All predictions in HPC hardware develpment point towards massive concurrency in 2-5 years.
Wether this comes in the shape of GPGPU, 20 millions embedded processor cores in an n-dimensional torus, FPGA or any other devlopment remains to be seen.
In any case it will be a development which predictably will kill of 'HPC in the COTS cloud'.
Massive concurrency - possibly with an OS which runs a single thread per node -- is exactly what the Amazon SW/HW stack is not good at.
This holds true for even an ordinary off-the-mill ISV code. Running the same code on 1000 embedded processors instead of 100 x86 cores will save you a factor of ~10 in terms of power.
In 5 years time this will sum up to a factor of 5 or more in total cost savings.
So the expensive bits in 5 years time will be power, power, software development to adress the power issue (massive concurrency), and - power. Not many incentives for HPC/Cloud.
Grid is not HPC
Grid computing does not attempt to replace HPC - HPC is what it is, and has been established for a long time. Grid computing does not focus so much on high performance but high throughput. The issue for scientific Grid computing is not the processing power needed to run, but the size and location of the data sets that must be operated on. Cloud services from the likes of Amazon do provide great alternatives for various situations, but will not help a scientific research group with petabytes of data spread across multiple collaborating sites, because getting that data within range of the processing units is the hard part. Using Grid computing techniques, each site can run its own Grid on local hardware that is close to the large dataset, and results can be centrally collated. The type of site involved in this sort of project - e.g. a large University - have plenty of machines with spare CPU cycles available to perform the operations - Grid computing is an attempt to harness those spare cycles and put them to use.
Cloud? Grid? HPC?
Can you really compare the three? As I understand the terms, each of them is meant to address a very different problem:
1) Cloud: Lots of users with relatively small processing requirements per user and small amounts of data to transfer per user. A perfect example are applications running on top of a database to which each individual user cannot add more than a little bit of data. For example, search, email, etc.

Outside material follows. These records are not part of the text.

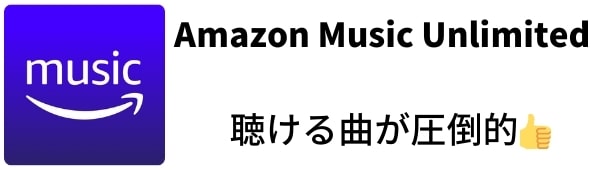 21年版 マジで使えた無料の音楽アプリはこの３つ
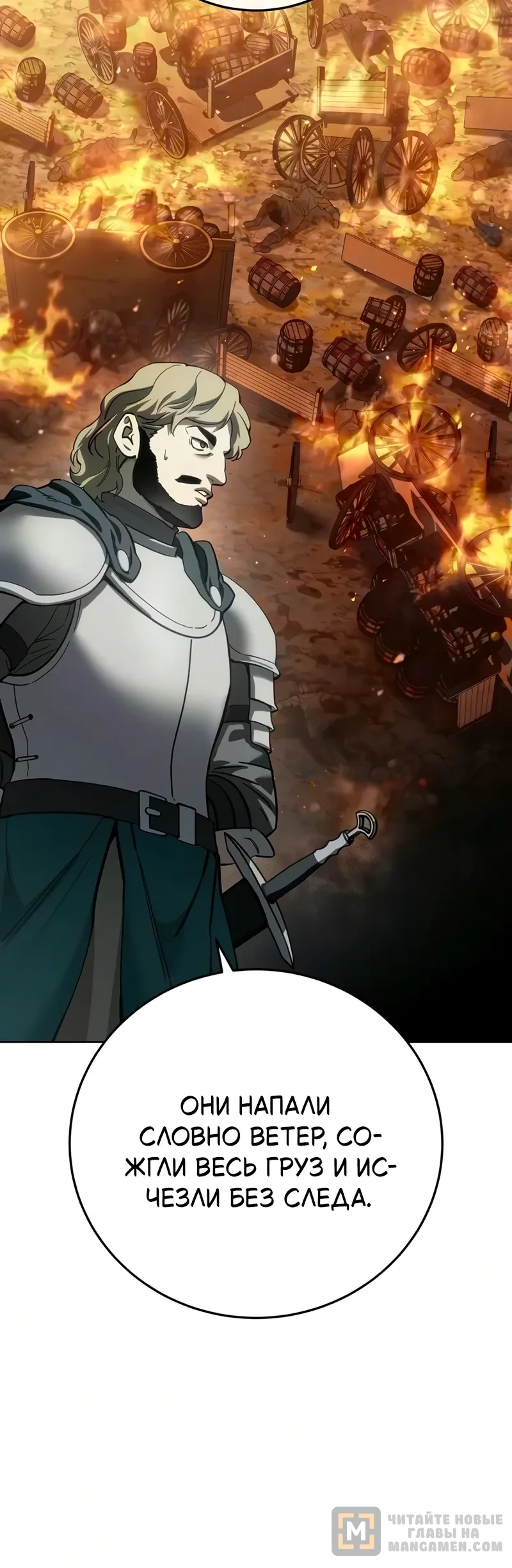 Read Звёздный мастер меча RU Manga Online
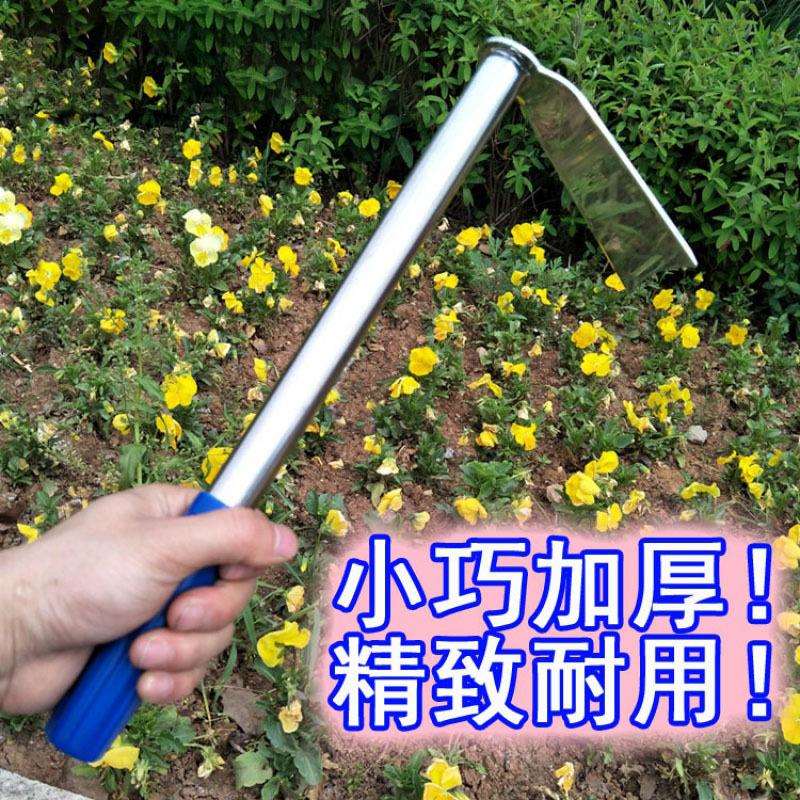 不锈钢锄农具农用家用园艺工具除草小锄头挖土种菜赵之李小花种花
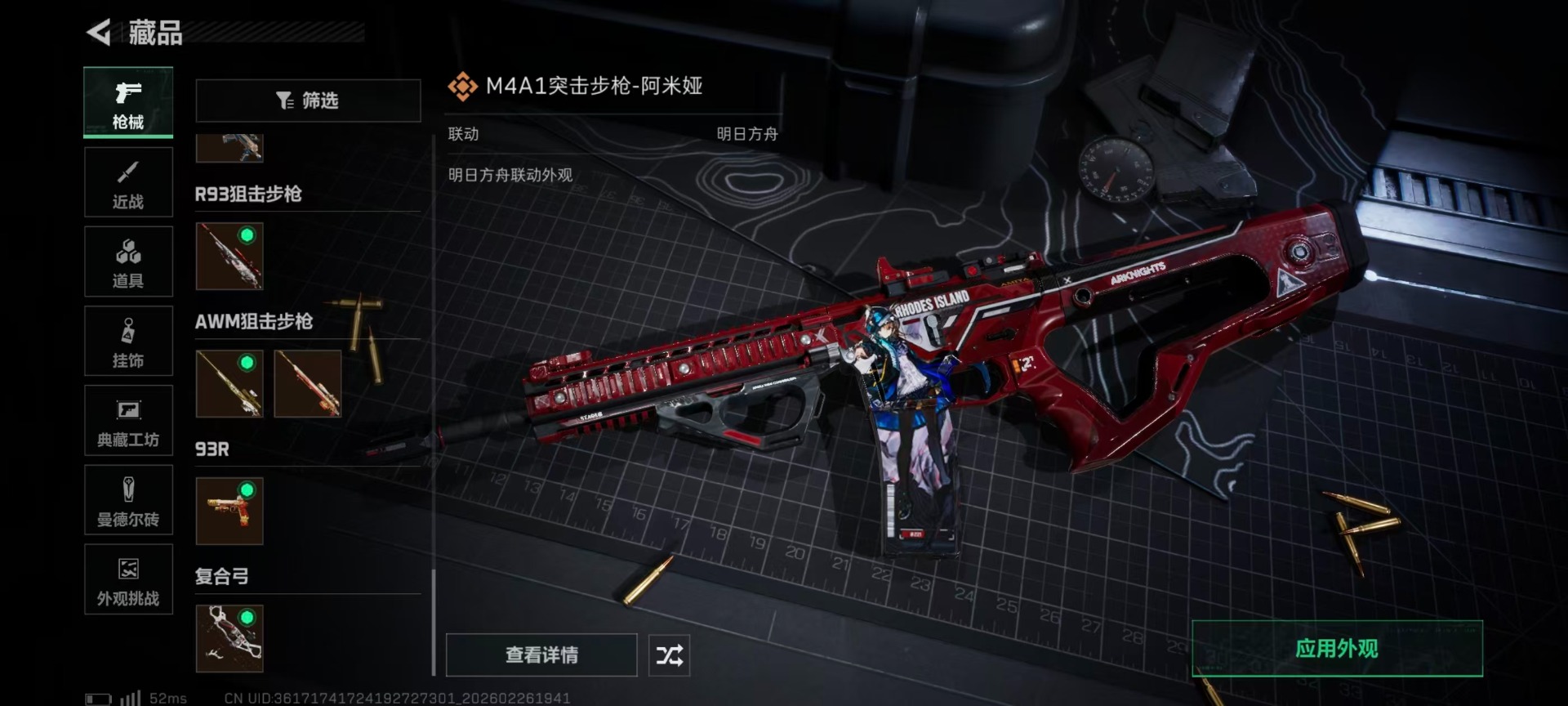 SJZQM454870三角洲行动账号详情图12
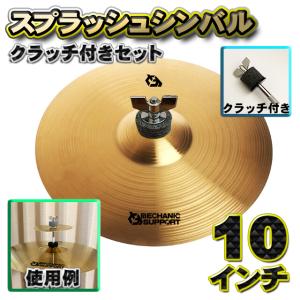 スプラッシュシンバル+クラッチセット】既存シンバルの上に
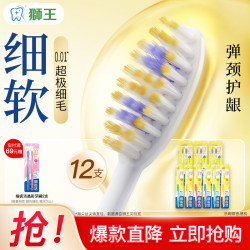 狮王 细齿洁经典软毛牙刷 旋净+护龈 共12支/家庭装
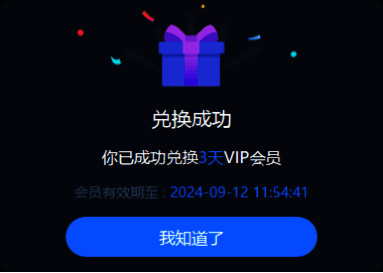 CC加速器电脑版兑换相关画面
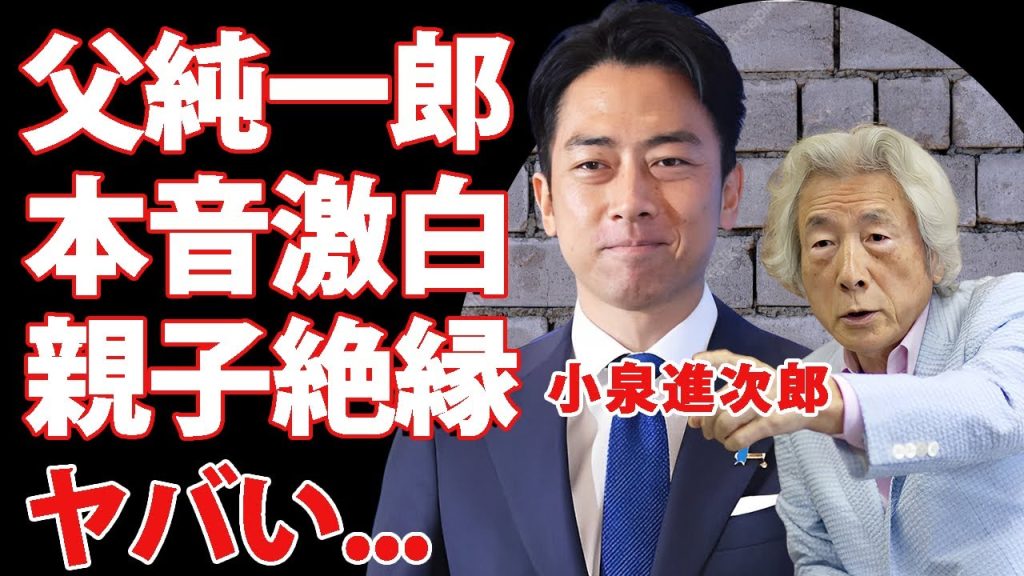 小泉進次郎の総裁選出馬に"父・純一郎"が「今じゃない」と本音を激白...父親からも見放された真相に驚きを隠せない...『次期総理大臣』の人気急落の実態...地元後援会への５万円おねだりがヤバい...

2) Grid: A relatively small number of users whose computational needs can be broken up into separate tasks, each of which requires a very small amount of data to specify it's input and output, but a very large amount of processing time which is then spun off to other computers on the grid to allow exploiting the left over processing power of other individual users. The fact that there are very few users scheduling tasks is important because if you assume that half of the users are scheduling tasks, then all they get in average is another machine available to perform work. Folding @ Home is the perfect example.

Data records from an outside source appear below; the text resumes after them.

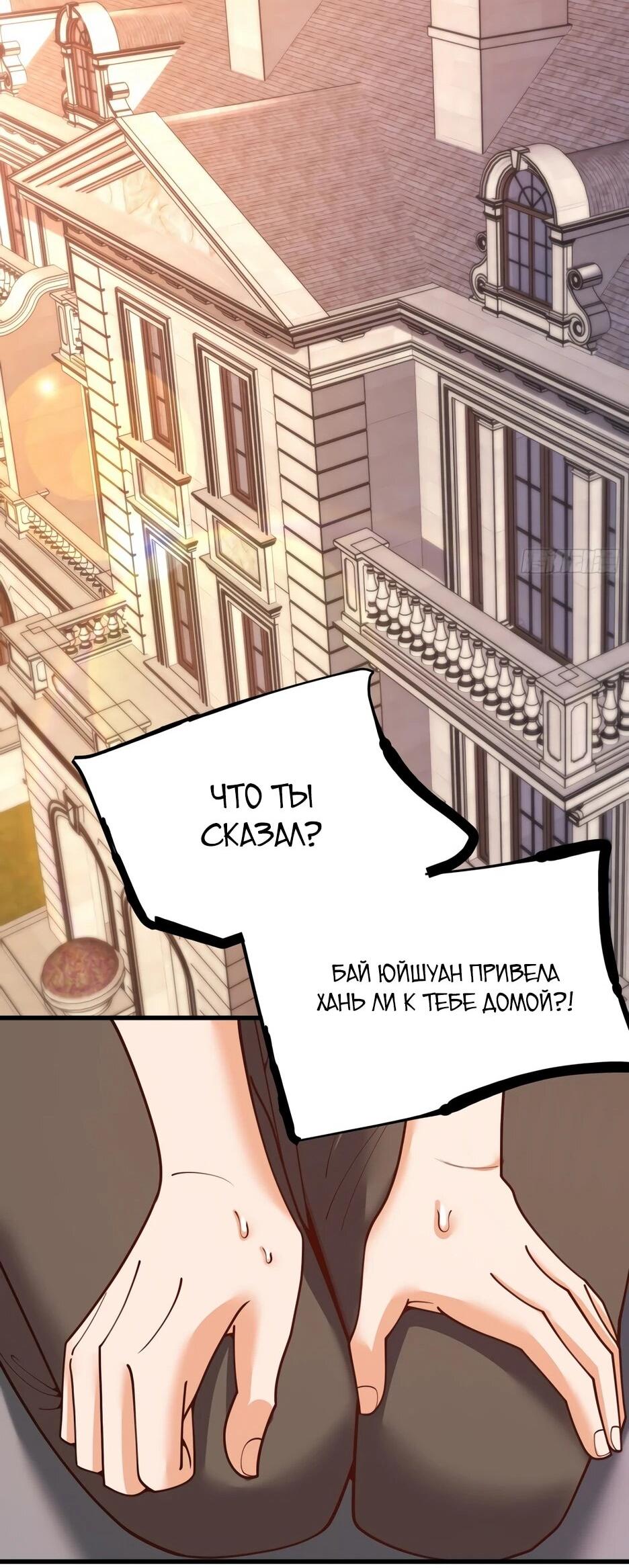 Манга Я буду королём в этой жизни - Глава 250 Страница 30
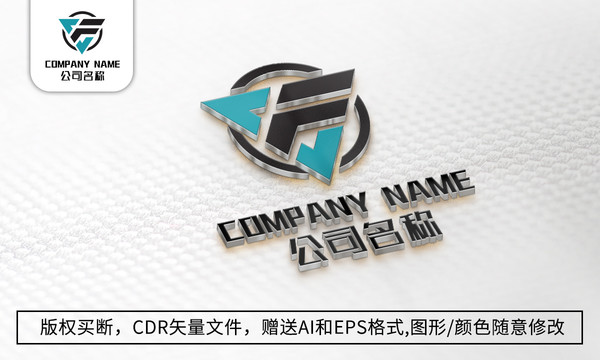 创意F字母logo标志商标设计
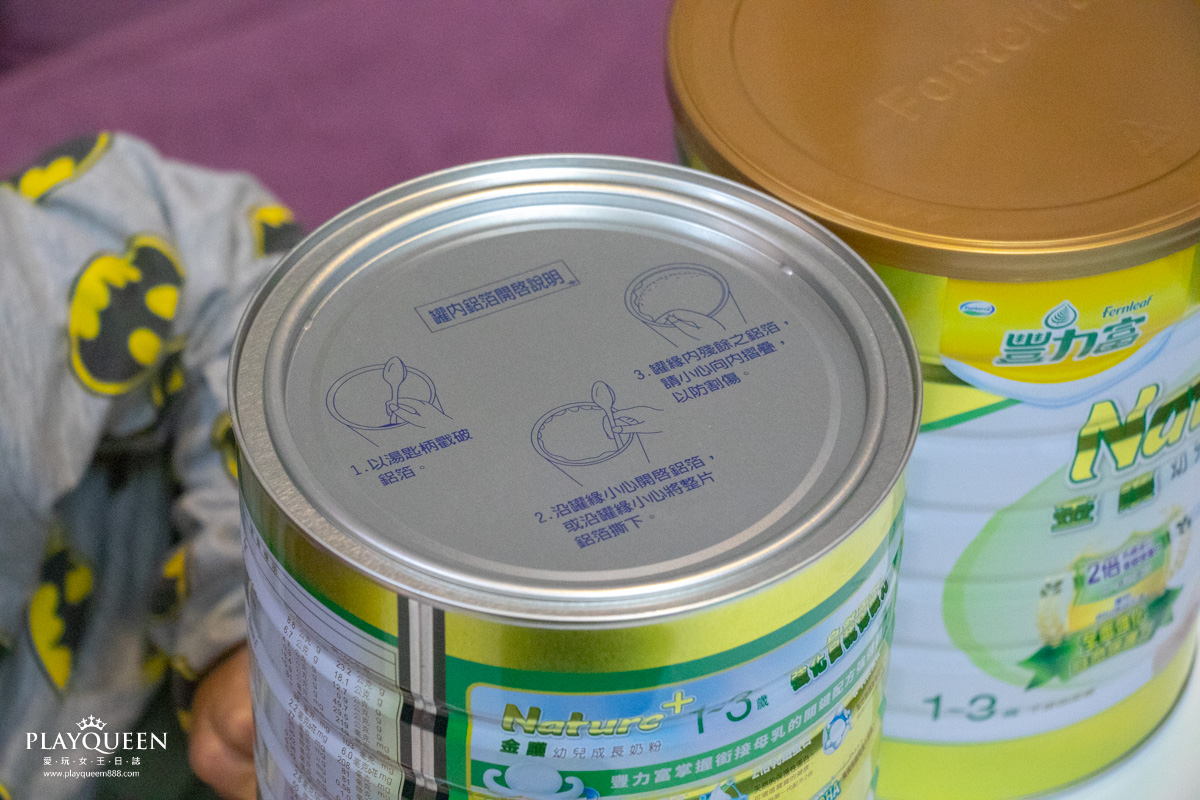 豐力富金護奶粉nature+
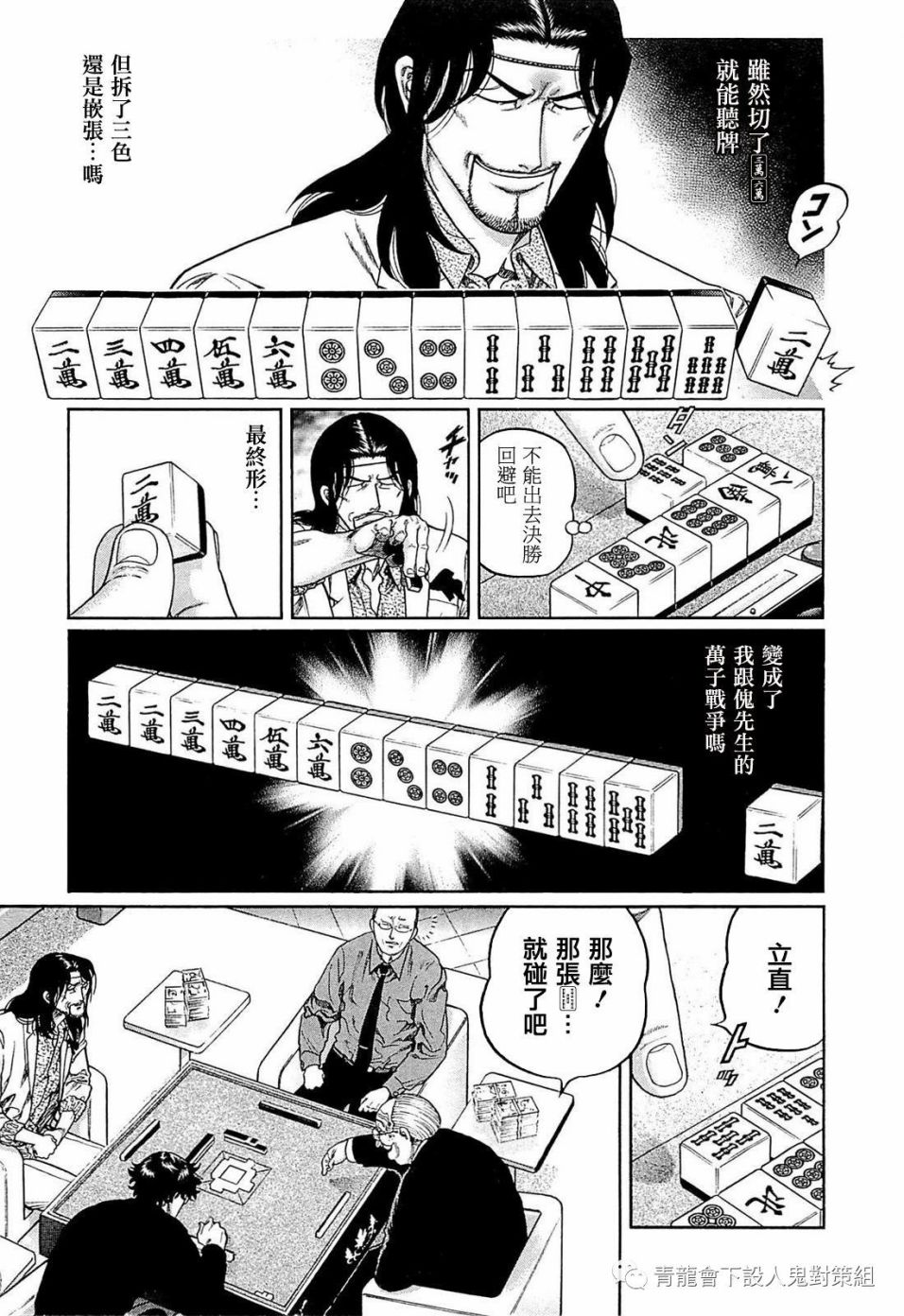 246话0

3) HPC: A single task that is monstrously computationally intensive and most likely requiring a very large amount of data to be moved around. Think solving partial differential equations on huge grids.
The cloud does not have the bandwidth necessary to move around huge grids into it or from it.
The cloud is not left over computing capacity, but rather paid for capacity.
So exactly, how is it that the cloud can do what grid or hpc are meant to do?